§ GIVEN DATA:
===============
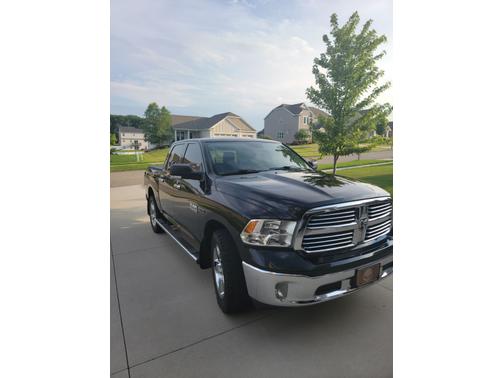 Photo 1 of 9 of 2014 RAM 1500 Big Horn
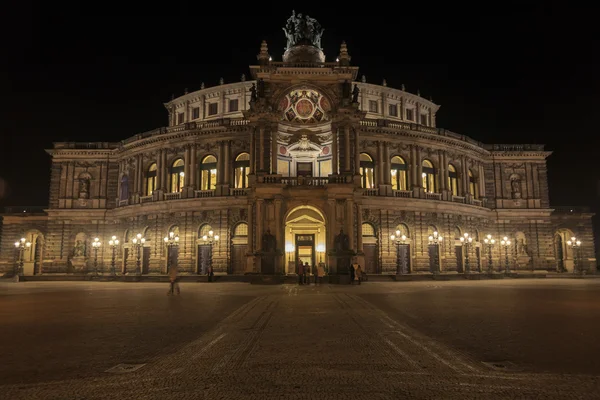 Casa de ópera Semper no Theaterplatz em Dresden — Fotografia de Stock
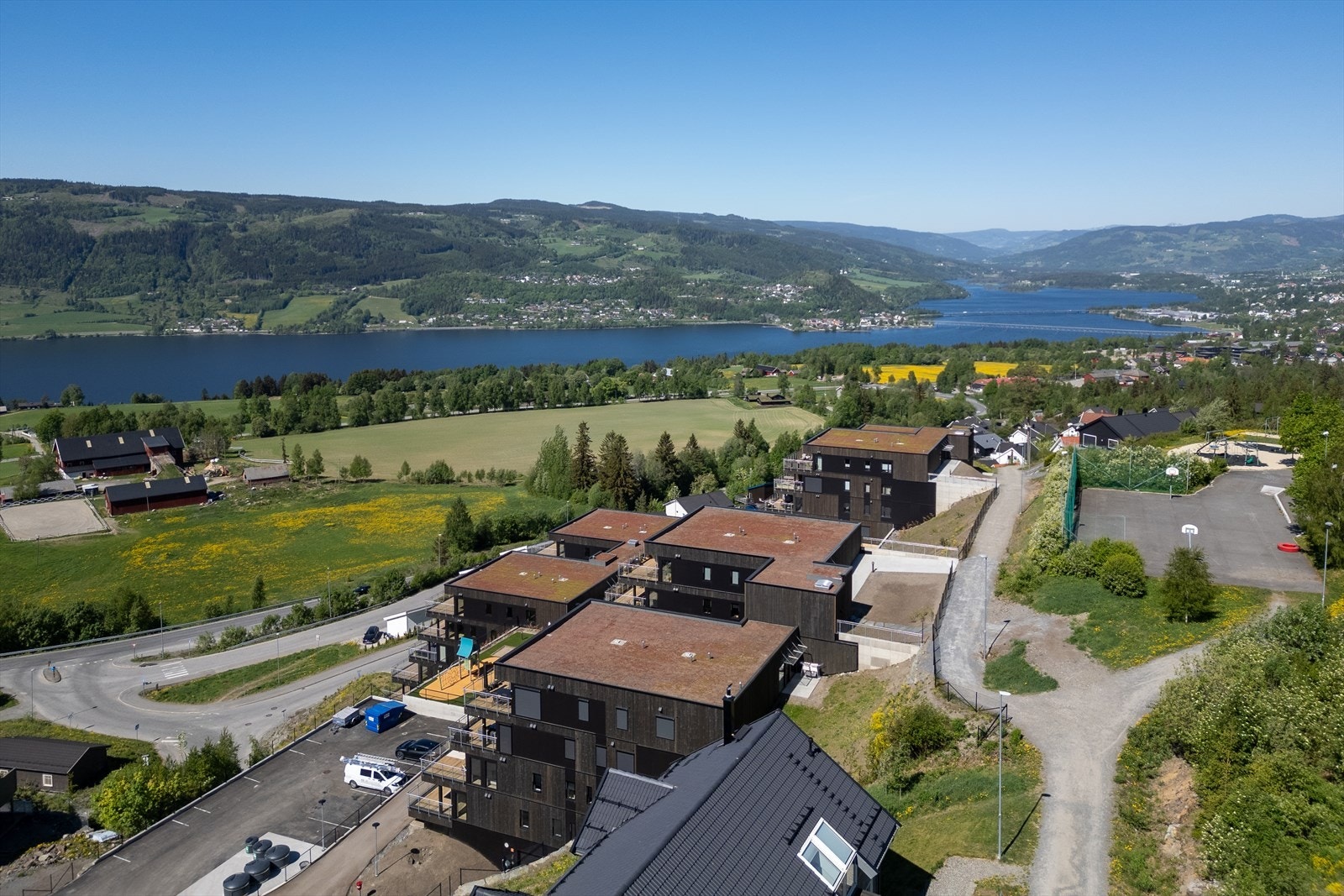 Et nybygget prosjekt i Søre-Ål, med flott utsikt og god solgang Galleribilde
===============
An exact transcription of the data above is needed, without the pictures.

§ THE ANSWER:
 Photo 1 of 9 of 2014 RAM 1500 Big Horn
 Casa de ópera Semper no Theaterplatz em Dresden — Fotografia de Stock
 Et nybygget prosjekt i Søre-Ål, med flott utsikt og god solgang Galleribilde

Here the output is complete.